§ MATERIAL FOR THIS EXERCISE:
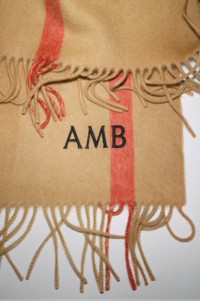 Burberry Check Scarf with Personalisation Initials AMB embroidered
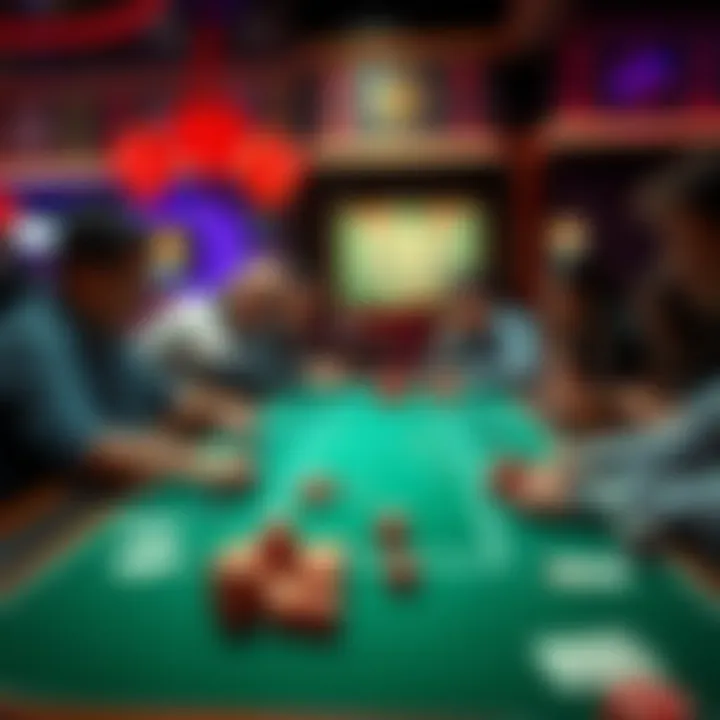 A group of gamblers engaged in playing Sic Bo, reflecting the social aspect of the game.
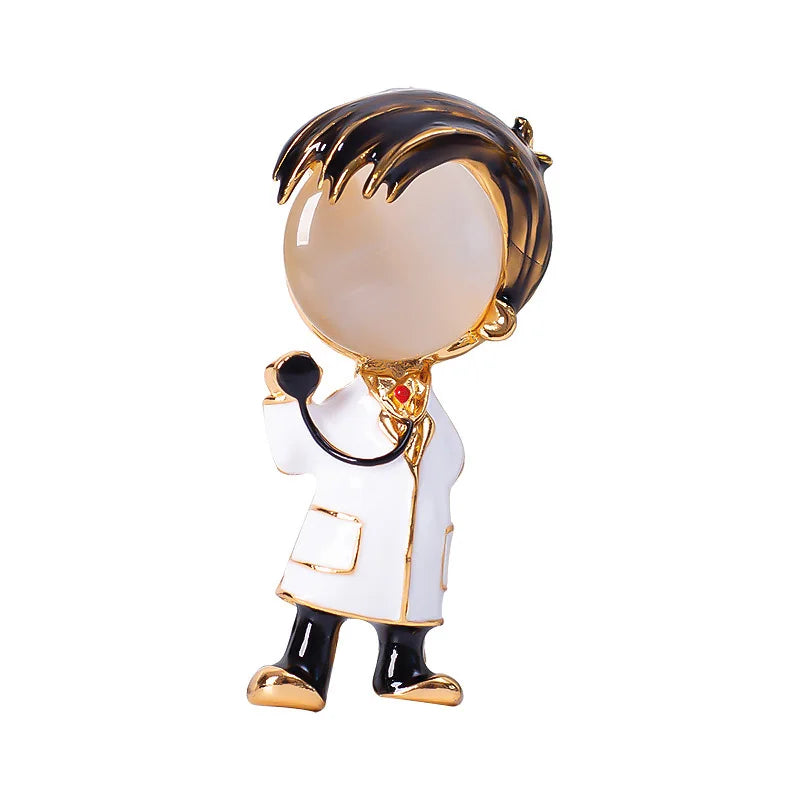 Cute White Nurse Brooch Medical Badge Lapel Pin Jewelry Accessory Gift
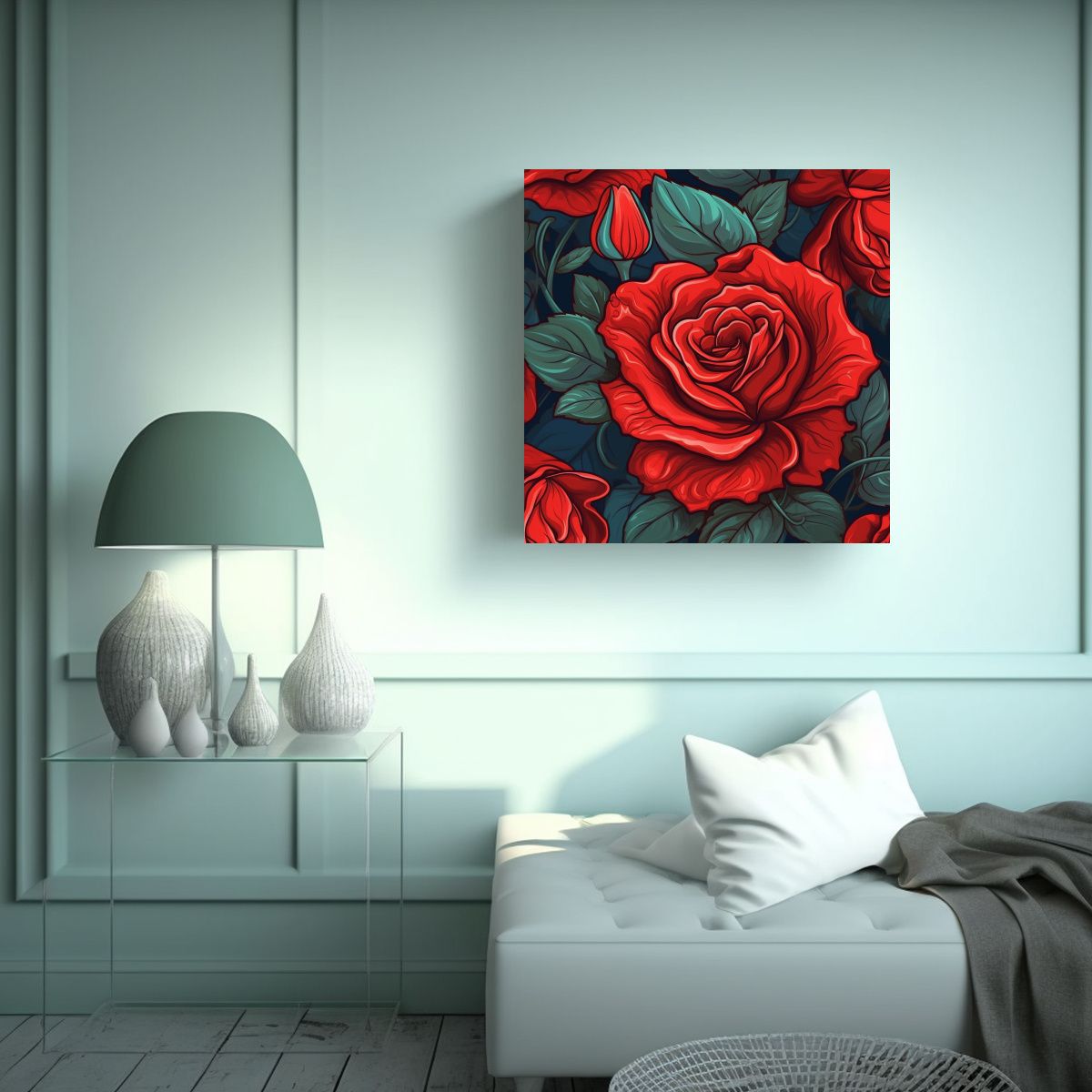 GENERICO - Patrón Detallado De Rosa Roja En Estilo De Arte 60x60 Cm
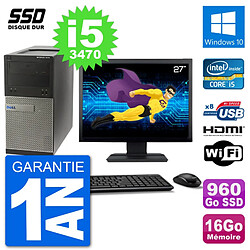 PC Dell 3010 MT Ecran 27" i5-3470 RAM 16Go SSD 960Go HDMI Windows 10 Wifi - Occasion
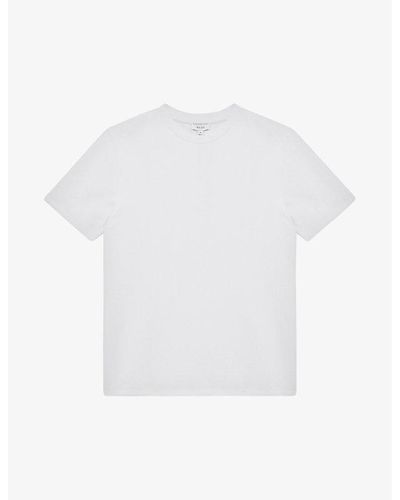 Reiss Cooper Honeycomb-texture Cotton-blend T-shirt - White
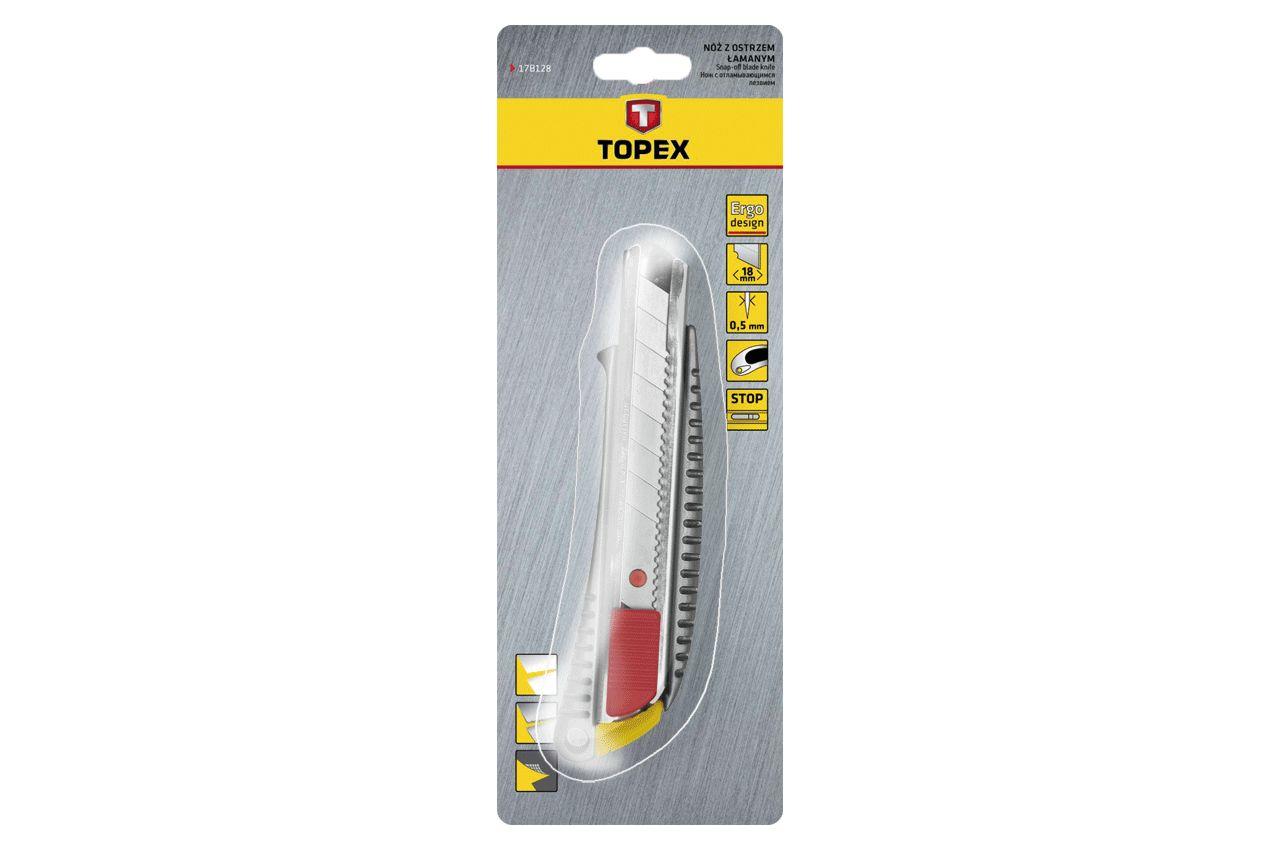 Нож Topex - 18 мм металлический 2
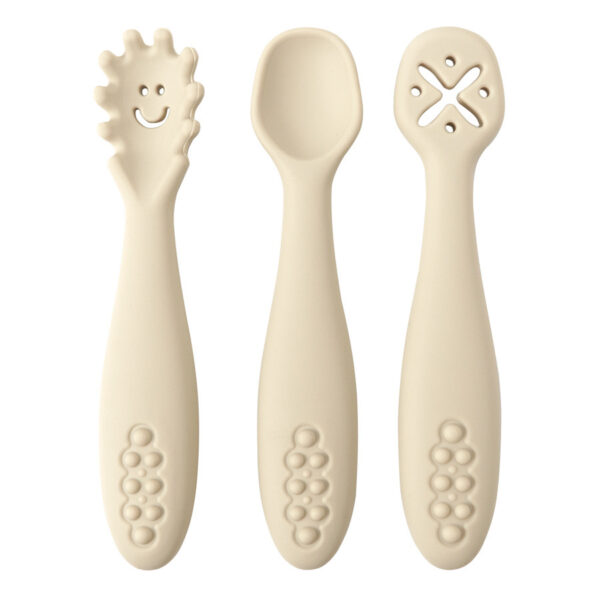 Set of 3 Silicone Spoons and Forks for Baby, Soft and Safe Baby Cutlery, Non-Toxic Silicone Baby Feeding Utensils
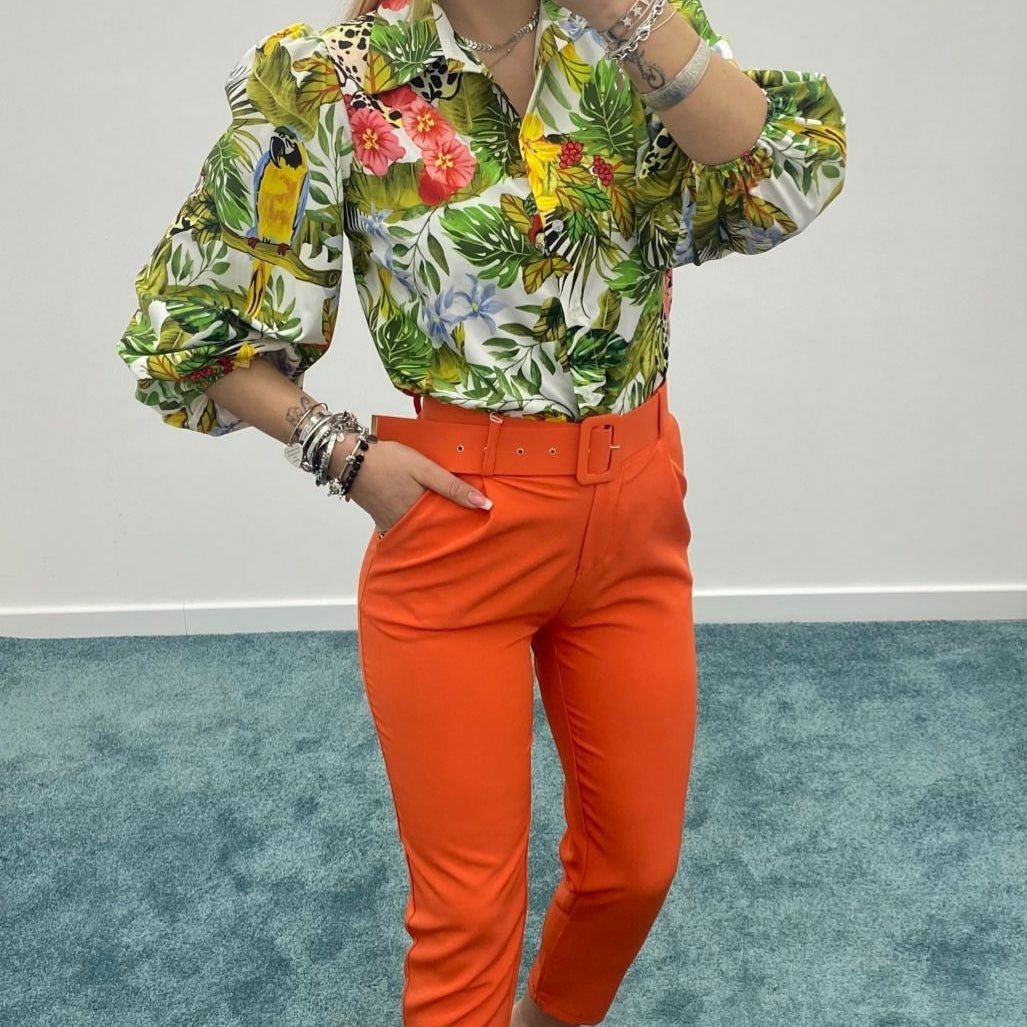 Pantalone sigaretta tasca america con cintura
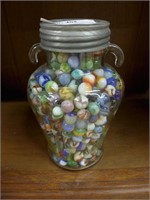 Large Ball jar loaded with vintage marbles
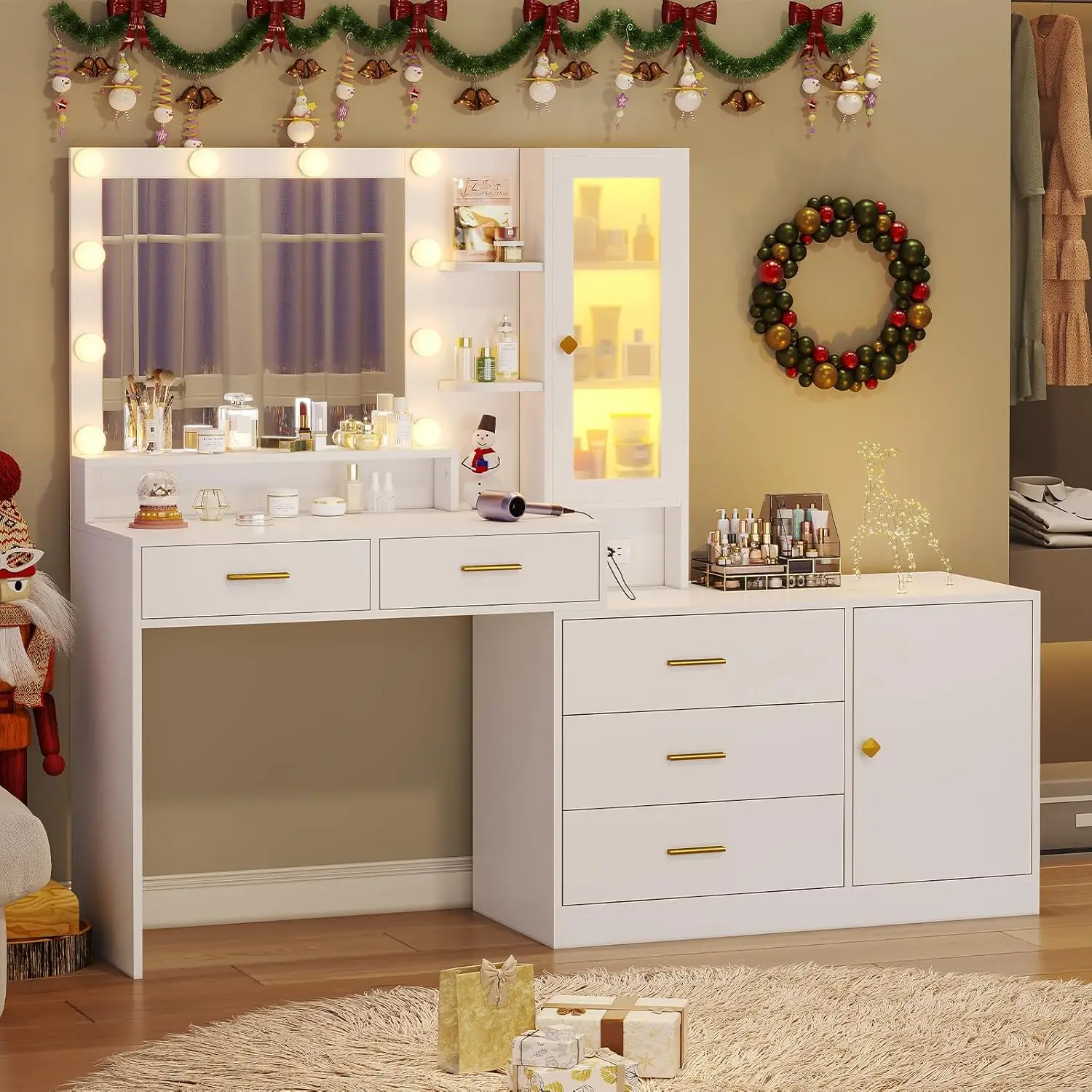 Tocador de maquillaje blanco con luces, escritorio de tocador con espejo, mesa de tocador grande con cómoda, estación de carga y gabinetes RGB
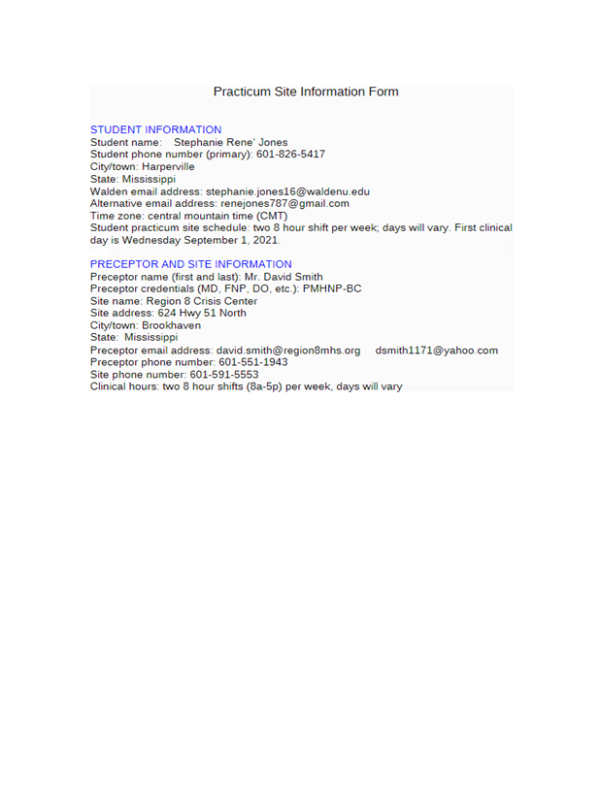 PRAC 6665 Week 1 Assignment 1; Practicum Site Information Form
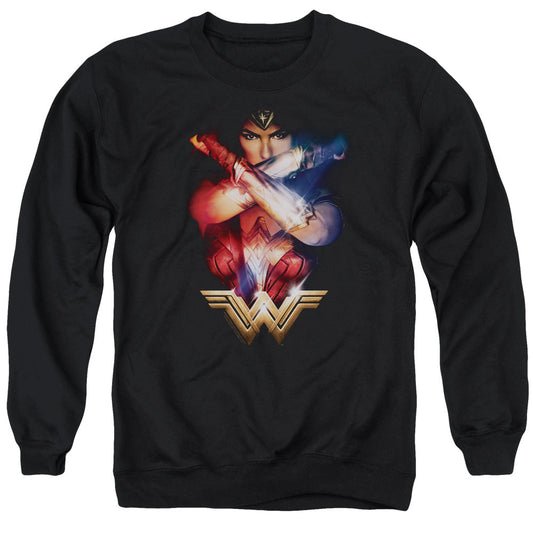 Wonder Woman Movie Arms Crossed Mens Crewneck Sweatshirt Black Officially Licensed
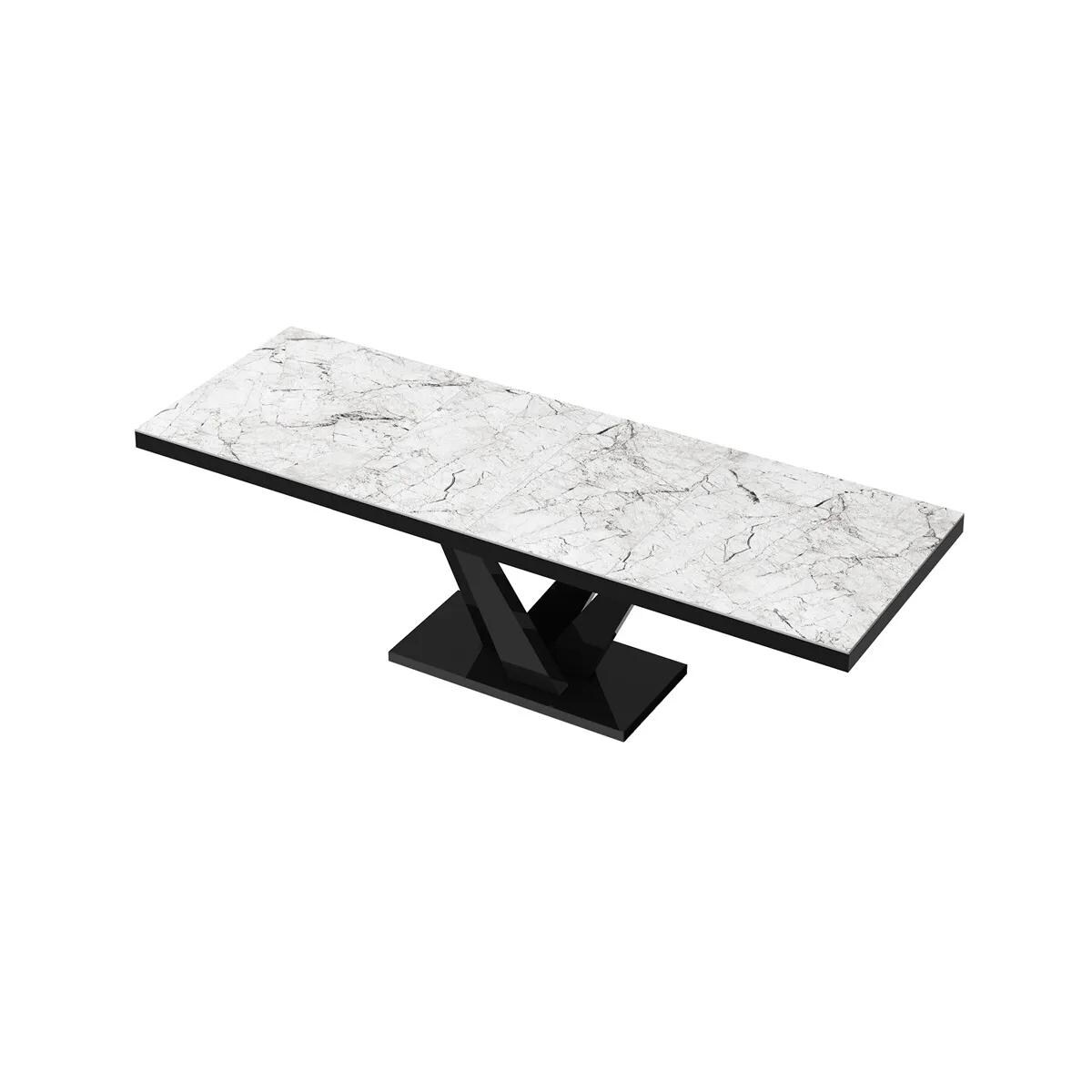 Stół rozkładany VEGAS 160(256)x89 biały marmur venatino/czarny połysk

§ PROBLEM DESCRIPTION: "PC Dell 3010" marks the first line to copy, and "PRAC 6665 Week" marks the last. Repeat that stretch above exactly, with no pictures.

§ SOLUTION BELOW:
 PC Dell 3010 MT Ecran 27" i5-3470 RAM 16Go SSD 960Go HDMI Windows 10 Wifi - Occasion
 Reiss Cooper Honeycomb-texture Cotton-blend T-shirt - White
 Нож Topex - 18 мм металлический 2
 Set of 3 Silicone Spoons and Forks for Baby, Soft and Safe Baby Cutlery, Non-Toxic Silicone Baby Feeding Utensils
 Pantalone sigaretta tasca america con cintura
 Large Ball jar loaded with vintage marbles
 Tocador de maquillaje blanco con luces, escritorio de tocador con espejo, mesa de tocador grande con cómoda, estación de carga y gabinetes RGB
 PRAC 6665 Week 1 Assignment 1; Practicum Site Information Form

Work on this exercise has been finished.